#### What the task asks
All of the records must be restated exactly, with every line complete.

[Data Boundary: Start]

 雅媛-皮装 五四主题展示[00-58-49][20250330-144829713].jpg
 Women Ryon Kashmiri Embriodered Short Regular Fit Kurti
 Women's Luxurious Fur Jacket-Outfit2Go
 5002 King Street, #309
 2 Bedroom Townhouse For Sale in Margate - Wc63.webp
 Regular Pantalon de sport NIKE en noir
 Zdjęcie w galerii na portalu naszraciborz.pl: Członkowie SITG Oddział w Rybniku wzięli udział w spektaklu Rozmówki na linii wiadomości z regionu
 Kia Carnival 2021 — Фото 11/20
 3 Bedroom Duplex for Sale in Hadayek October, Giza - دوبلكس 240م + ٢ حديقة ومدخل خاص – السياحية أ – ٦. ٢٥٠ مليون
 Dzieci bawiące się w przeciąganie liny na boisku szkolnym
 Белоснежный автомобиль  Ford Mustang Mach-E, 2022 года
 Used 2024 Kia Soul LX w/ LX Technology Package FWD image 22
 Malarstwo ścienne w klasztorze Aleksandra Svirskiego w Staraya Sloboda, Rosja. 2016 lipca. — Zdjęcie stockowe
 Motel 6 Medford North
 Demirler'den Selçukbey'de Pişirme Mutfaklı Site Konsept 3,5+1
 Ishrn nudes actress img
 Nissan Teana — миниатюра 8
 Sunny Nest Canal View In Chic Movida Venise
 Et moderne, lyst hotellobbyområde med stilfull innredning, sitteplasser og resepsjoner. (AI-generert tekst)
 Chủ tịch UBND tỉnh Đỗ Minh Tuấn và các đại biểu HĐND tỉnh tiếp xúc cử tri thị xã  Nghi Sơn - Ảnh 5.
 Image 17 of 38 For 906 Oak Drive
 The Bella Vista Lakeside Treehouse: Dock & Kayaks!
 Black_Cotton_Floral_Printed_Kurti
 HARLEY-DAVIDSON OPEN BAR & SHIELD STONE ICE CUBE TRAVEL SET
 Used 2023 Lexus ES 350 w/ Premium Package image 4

[Data Boundary: End]

#### Your response
 雅媛-皮装 五四主题展示[00-58-49][20250330-144829713].jpg
 Women Ryon Kashmiri Embriodered Short Regular Fit Kurti
 Women's Luxurious Fur Jacket-Outfit2Go
 5002 King Street, #309
 2 Bedroom Townhouse For Sale in Margate - Wc63.webp
 Regular Pantalon de sport NIKE en noir
 Zdjęcie w galerii na portalu naszraciborz.pl: Członkowie SITG Oddział w Rybniku wzięli udział w spektaklu Rozmówki na linii wiadomości z regionu
 Kia Carnival 2021 — Фото 11/20
 3 Bedroom Duplex for Sale in Hadayek October, Giza - دوبلكس 240م + ٢ حديقة ومدخل خاص – السياحية أ – ٦. ٢٥٠ مليون
 Dzieci bawiące się w przeciąganie liny na boisku szkolnym
 Белоснежный автомобиль  Ford Mustang Mach-E, 2022 года
 Used 2024 Kia Soul LX w/ LX Technology Package FWD image 22
 Malarstwo ścienne w klasztorze Aleksandra Svirskiego w Staraya Sloboda, Rosja. 2016 lipca. — Zdjęcie stockowe
 Motel 6 Medford North
 Demirler'den Selçukbey'de Pişirme Mutfaklı Site Konsept 3,5+1
 Ishrn nudes actress img
 Nissan Teana — миниатюра 8
 Sunny Nest Canal View In Chic Movida Venise
 Et moderne, lyst hotellobbyområde med stilfull innredning, sitteplasser og resepsjoner. (AI-generert tekst)
 Chủ tịch UBND tỉnh Đỗ Minh Tuấn và các đại biểu HĐND tỉnh tiếp xúc cử tri thị xã  Nghi Sơn - Ảnh 5.
 Image 17 of 38 For 906 Oak Drive
 The Bella Vista Lakeside Treehouse: Dock & Kayaks!
 Black_Cotton_Floral_Printed_Kurti
 HARLEY-DAVIDSON OPEN BAR & SHIELD STONE ICE CUBE TRAVEL SET
 Used 2023 Lexus ES 350 w/ Premium Package image 4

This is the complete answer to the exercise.